Metadata-Version: 2.4
Name: acatome-store
Version: 0.7.2
Summary: Persistent storage, dedup, metadata queries, and semantic search for acatome bundles
Project-URL: Homepage, https://github.com/retospect/acatome-store
Project-URL: Repository, https://github.com/retospect/acatome-store
Author-email: Reto Stamm <reto@retostamm.com>
License-Expression: GPL-3.0-or-later
License-File: LICENSE
Keywords: citations,postgres,scientific-papers,semantic-search,sqlite,storage
Classifier: Programming Language :: Python :: 3
Classifier: Programming Language :: Python :: 3.11
Classifier: Programming Language :: Python :: 3.12
Classifier: Programming Language :: Python :: 3.13
Requires-Python: >=3.11
Requires-Dist: chromadb>=0.5
Requires-Dist: llama-index-core>=0.11
Requires-Dist: llama-index-vector-stores-chroma>=0.2
Requires-Dist: precis-summary>=0.1.0
Requires-Dist: sqlalchemy>=2.0
Requires-Dist: typer>=0.12
Provides-Extra: embeddings
Requires-Dist: sentence-transformers>=3.0; extra == 'embeddings'
Provides-Extra: mysql
Requires-Dist: pymysql>=1.0; extra == 'mysql'
Provides-Extra: neo4j
Requires-Dist: neo4j>=5.0; extra == 'neo4j'
Provides-Extra: postgres
Requires-Dist: pgvector>=0.3; extra == 'postgres'
Requires-Dist: psycopg[binary]>=3.0; extra == 'postgres'
Description-Content-Type: text/markdown

# acatome-store

Persistent storage, deduplication, metadata queries, and semantic search for scientific paper bundles.

## Features

- **SQLAlchemy ORM** — portable across SQLite, Postgres, MySQL
- **Refs + Papers split** — identity table (refs) separate from ingested content (papers)
- **Citation graph** — directed `citing → cited` edges, works for ingested + stub papers
- **Supplements** — ingest supplementary PDFs with scoped block retrieval
- **Retractions** — flag papers as retracted with notes
- **Vector search** — ChromaDB (default) or pgvector (zero text duplication)
- **CLI** — `acatome-store` command for ingest, reingest, query, retract, and stats
- **Schema management** — `reset_schema()` and `reingest --drop` for clean rebuilds

## Installation

```bash
uv pip install -e .
```

With Postgres support:

```bash
uv pip install -e ".[postgres]"
```

## Usage

```python
from acatome_store import Store

store = Store()
ref_id = store.ingest(bundle_path)
paper = store.get(ref_id)
results = store.search_text("transformer attention", top_k=5)
# hits include paper info, block summaries, and text
```

## CLI

```bash
acatome-store ingest /path/to/bundle.acatome    # single bundle
acatome-store ingest /path/to/dir/               # directory of bundles
acatome-store reingest                            # re-ingest all from ~/.acatome/papers/
acatome-store reingest --drop                     # drop schema + re-ingest (confirm prompt)
acatome-store reingest --path /other/dir          # custom bundle directory
acatome-store stats
acatome-store search "CO2 capture"
acatome-store list
acatome-store info doi:10.1234/example
acatome-store retract doi:10.1234/fake --note "Fabricated data"
```

### Schema Reset

If the database schema drifts from the model (e.g. after upgrading acatome-store),
use `reingest --drop` to drop all tables, recreate from the current SQLAlchemy model,
and re-ingest all `.acatome` bundles.
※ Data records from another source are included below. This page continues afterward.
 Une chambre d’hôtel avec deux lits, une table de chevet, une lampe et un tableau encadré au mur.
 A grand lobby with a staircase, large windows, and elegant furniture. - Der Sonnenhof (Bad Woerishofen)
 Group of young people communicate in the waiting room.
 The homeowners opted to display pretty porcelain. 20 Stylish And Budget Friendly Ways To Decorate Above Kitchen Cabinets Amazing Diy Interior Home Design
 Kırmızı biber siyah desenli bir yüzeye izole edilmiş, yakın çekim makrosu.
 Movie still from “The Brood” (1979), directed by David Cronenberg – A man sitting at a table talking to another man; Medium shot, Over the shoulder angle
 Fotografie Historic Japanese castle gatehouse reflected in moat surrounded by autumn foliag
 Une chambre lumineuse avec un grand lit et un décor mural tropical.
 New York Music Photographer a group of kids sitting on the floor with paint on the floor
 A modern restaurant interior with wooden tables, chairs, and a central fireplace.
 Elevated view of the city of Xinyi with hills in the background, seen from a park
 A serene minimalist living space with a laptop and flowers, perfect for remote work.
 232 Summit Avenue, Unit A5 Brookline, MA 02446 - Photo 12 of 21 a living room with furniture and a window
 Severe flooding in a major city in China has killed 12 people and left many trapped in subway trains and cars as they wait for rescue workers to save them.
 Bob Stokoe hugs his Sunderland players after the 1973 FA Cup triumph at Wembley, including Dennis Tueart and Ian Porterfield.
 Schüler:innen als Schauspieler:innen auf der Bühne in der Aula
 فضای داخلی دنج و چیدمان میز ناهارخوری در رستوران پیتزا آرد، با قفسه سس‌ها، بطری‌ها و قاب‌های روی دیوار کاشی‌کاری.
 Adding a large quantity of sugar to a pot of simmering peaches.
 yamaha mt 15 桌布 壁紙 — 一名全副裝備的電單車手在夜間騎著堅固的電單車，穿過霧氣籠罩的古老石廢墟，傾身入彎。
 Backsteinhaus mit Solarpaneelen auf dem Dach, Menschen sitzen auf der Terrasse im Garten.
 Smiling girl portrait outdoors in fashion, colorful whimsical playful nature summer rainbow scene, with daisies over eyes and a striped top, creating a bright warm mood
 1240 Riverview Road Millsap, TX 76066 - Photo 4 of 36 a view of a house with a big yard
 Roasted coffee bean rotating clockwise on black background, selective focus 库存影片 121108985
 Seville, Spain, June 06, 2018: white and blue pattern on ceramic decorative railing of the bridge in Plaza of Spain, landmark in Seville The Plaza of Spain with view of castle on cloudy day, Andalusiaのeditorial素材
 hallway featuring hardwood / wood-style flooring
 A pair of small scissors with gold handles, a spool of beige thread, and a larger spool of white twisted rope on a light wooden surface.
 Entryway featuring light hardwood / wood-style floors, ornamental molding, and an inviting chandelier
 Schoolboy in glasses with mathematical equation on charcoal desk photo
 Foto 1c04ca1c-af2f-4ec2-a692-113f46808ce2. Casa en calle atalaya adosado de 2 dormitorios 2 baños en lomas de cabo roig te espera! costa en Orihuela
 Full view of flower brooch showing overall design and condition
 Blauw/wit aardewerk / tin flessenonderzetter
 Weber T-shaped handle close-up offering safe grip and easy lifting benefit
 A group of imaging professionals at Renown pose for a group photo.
No data is lost since bundles are the source of truth.

```bash
acatome-store reingest --drop
# prompts for confirmation, then:
# 1. Drops all tables (refs, blocks, papers, links, etc.)
# 2. Recreates schema from current model
# 3. Re-ingests all bundles from ~/.acatome/papers/
```

Programmatically:

```python
store = Store()
store.reset_schema()  # drop + recreate tables
```

## Testing

```bash
uv run python -m pytest tests/ -v
```

## License

LGPL-3.0-or-later — see [LICENSE](LICENSE).